(EXERCISE PROMPT): Drop every picture, then transcribe the remaining data exactly.

:: EXTRACTED ENTRIES ::

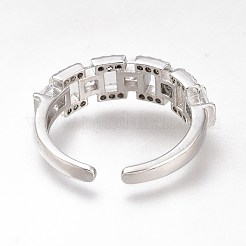 Латунные кольца из манжеты с прозрачным цирконием&nbsp;RJEW-N031-14P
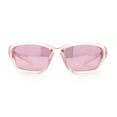 thumbnail image 3 of 90s Styling Rectangular Fem Color Sport Plastic Wrap Around Sunglasses Pink, 3 of 8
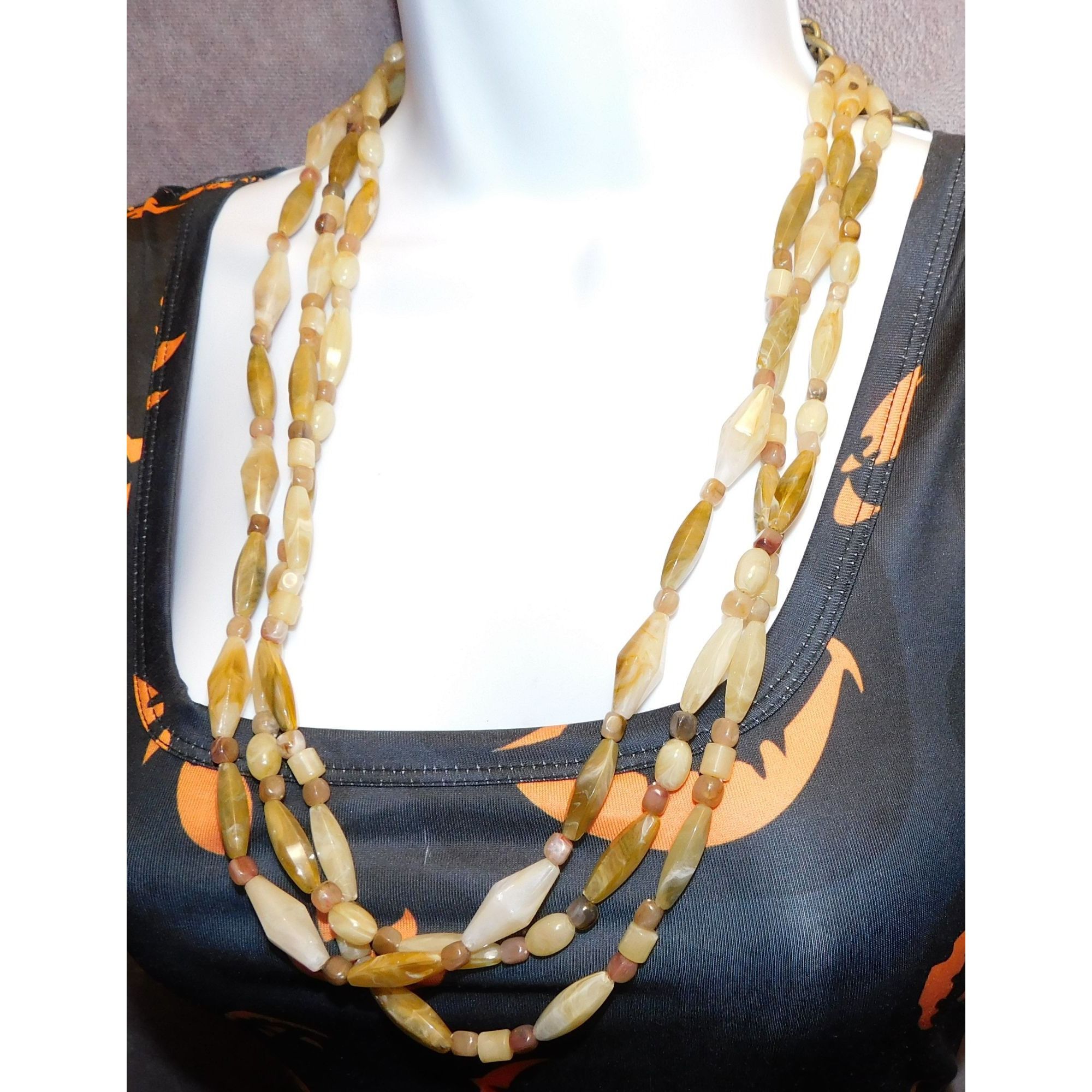 Other Retro Bohemian Faux Agate Beaded Layered Necklace Size ONE SIZE - 6 Thumbnail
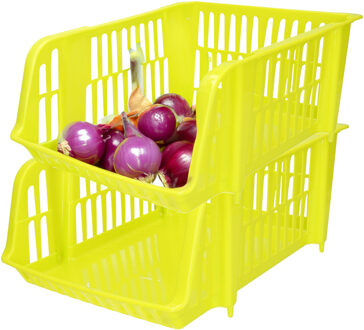 Stapelbare opbergmand - 3x - Groen - 20 liter - kunststof - 43 x 32 x 16 cm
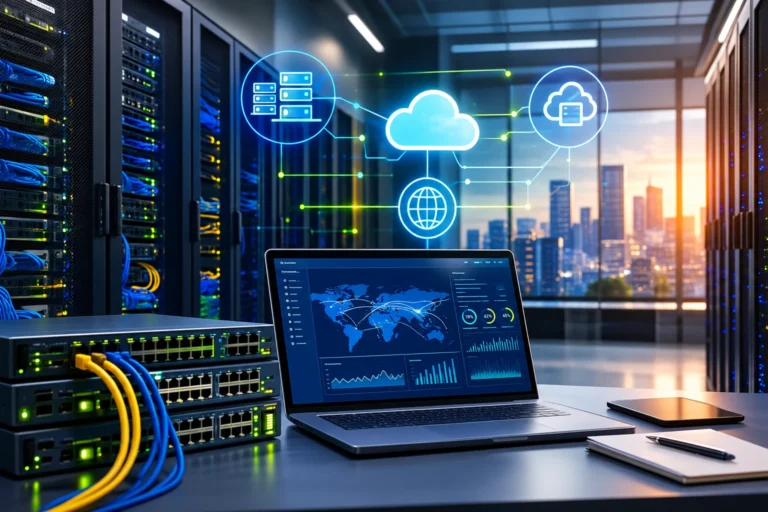 Redes avançadas para data centers e ambientes híbridos com servidores, switches e conexão em nuvem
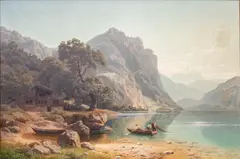 Carl Jungheim, Pécheurs en bord de lac, 1865, huile sur toile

:::

(EXERCISE RESULT):
 Латунные кольца из манжеты с прозрачным цирконием&nbsp;RJEW-N031-14P
 thumbnail image 3 of 90s Styling Rectangular Fem Color Sport Plastic Wrap Around Sunglasses Pink, 3 of 8
 Other Retro Bohemian Faux Agate Beaded Layered Necklace Size ONE SIZE - 6 Thumbnail
 Stapelbare opbergmand - 3x - Groen - 20 liter - kunststof - 43 x 32 x 16 cm
 Redes avançadas para data centers e ambientes híbridos com servidores, switches e conexão em nuvem
 Carl Jungheim, Pécheurs en bord de lac, 1865, huile sur toile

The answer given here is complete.